Narrow the scope of the notorious "state hack"
|Reported by:||simonpj||Owned by:|
|Type of failure:||Runtime performance bug||Test Case:|
|Related Tickets:||Differential Rev(s):|
The "state hack" has caused any number of bug reports (just search for that string), the most recent of which is #9349.
Here's an idea to make it less pervasive: (roughly) use the state hack only for top-level functions definitions.
The idea is that for nested lambdas the context should give the one-shot-ness, now that we are equipped with cardinality analysis. For example, consider the call
replicatM_ 1000 (\(s :: RealWorld#) -> blah)
The lambda is 1000-shot, not one-shot, notwithstanding the type of the binder. Moreover replicateM_'s strictness/cardinality signature will say just that, and GHC already knows how to propagate that information onto the \s.

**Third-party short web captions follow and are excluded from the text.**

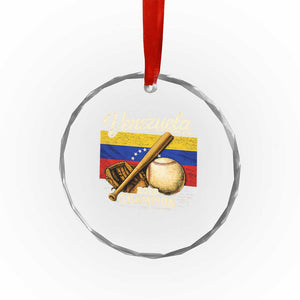 Venezuela Baseball 2026 Crystal Glass Ornament Champions Vintage Venezuelan Flag Baseball Fan Gift TS10 Print Your Wear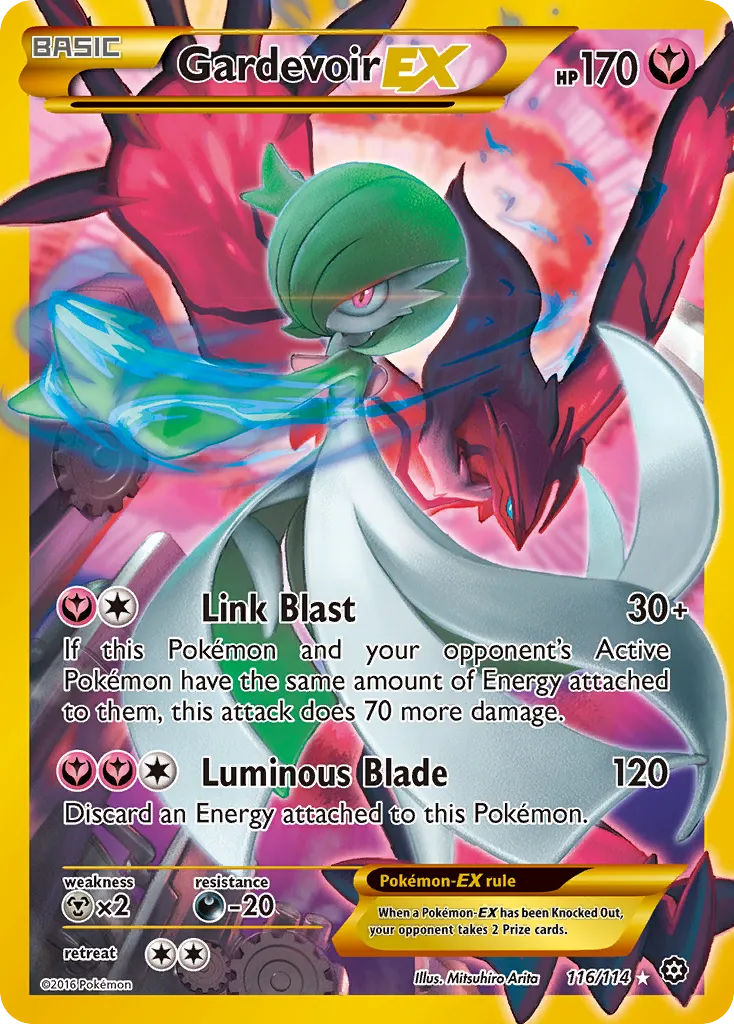 Gardevoir-EX #116, Steam Siege Secret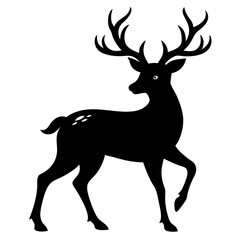 Stylized Deer Silhouette Vector File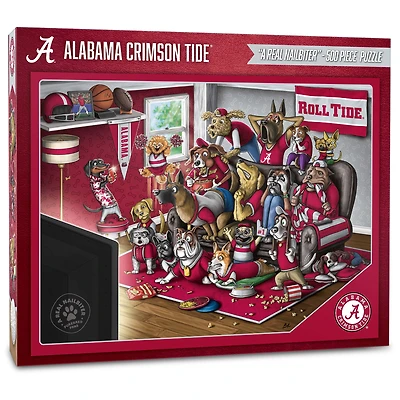 Alabama Crimson Tide Purebred Fans 18'' x 24'' A Real Nailbiter 500-Piece Puzzle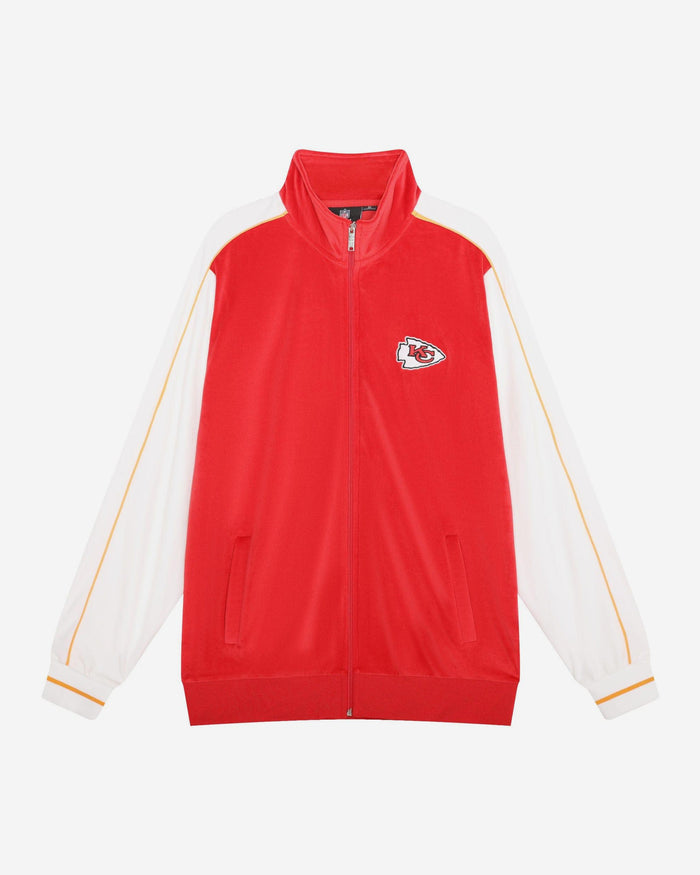 Kansas City Chiefs Two Tone Velour Zip Up Top FOCO S - FOCO.com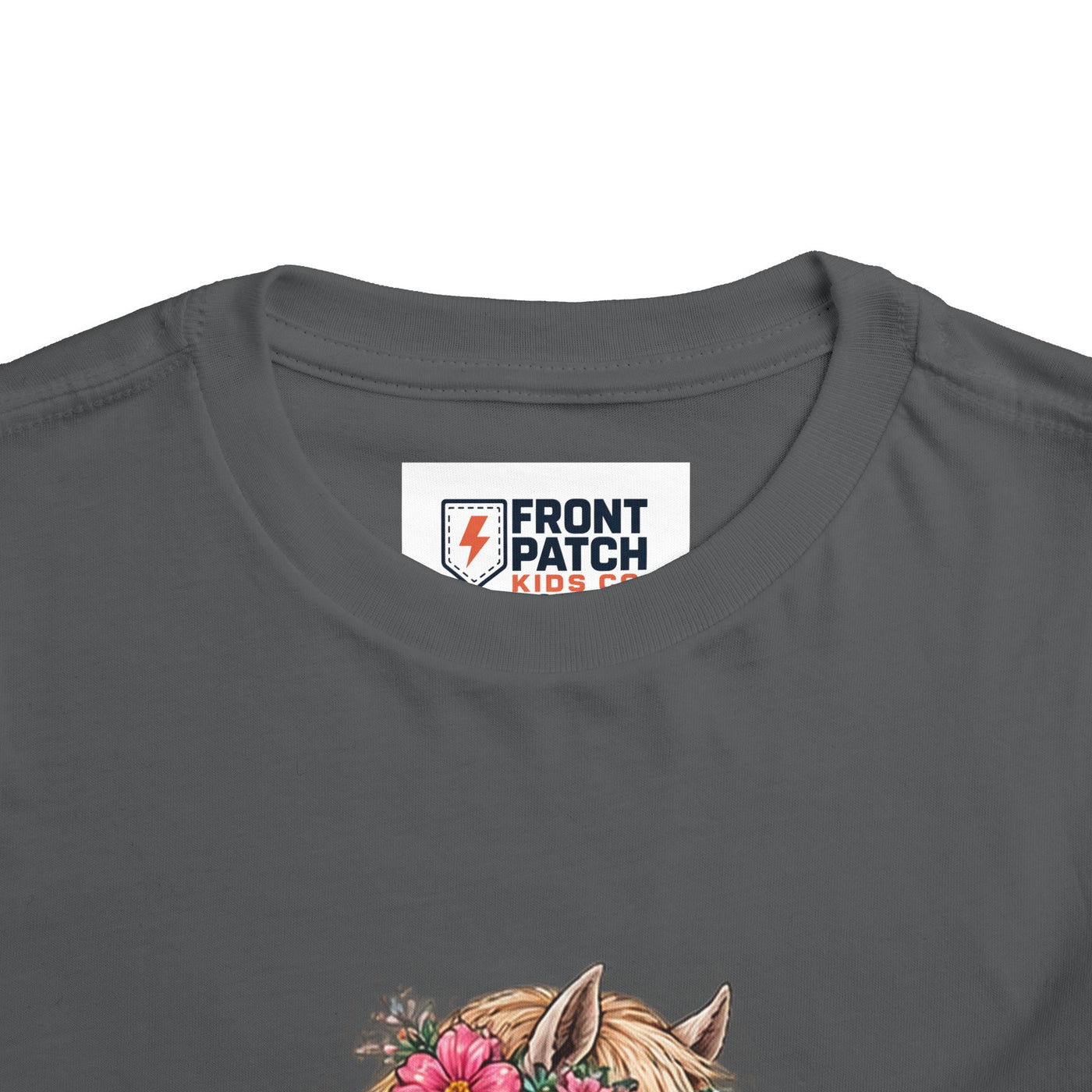 Toddler Tee — Floral Horse "Kind Hearts Bright Days" Cute Pony Shirt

But for top level functions like
pr :: String -> IO () pr x = putStrLn (reverse x)
we get Core
pr = \x. let y = reverse x in \ (s :: State# RealWorld). putStrLn y s
and, since we can't see all the callers of pr, we don't know if work is lost by pushing the reverse call inside, to get
pr = \x. (s :: State# RealWorld). putStrLn (reverse x) s
which is much more efficient. Indeed, this might not be so good if the calls looked like
... replicateM_ 1000 (pr "foo")...
because then "foo" will be reversed 1000 times. But arguably that's what the programmer expects anyway, looking at the code; and the efficiency hit from not eta-expanding all functions like pr (which are very very common) is significant.
The point is the that the only ones that need hacking are the top-level guys, and maybe even the top-level exported guys.
I have not fully thought this through, let alone tried it out, but I wanted to capture the thought. It would need some careful performance testing.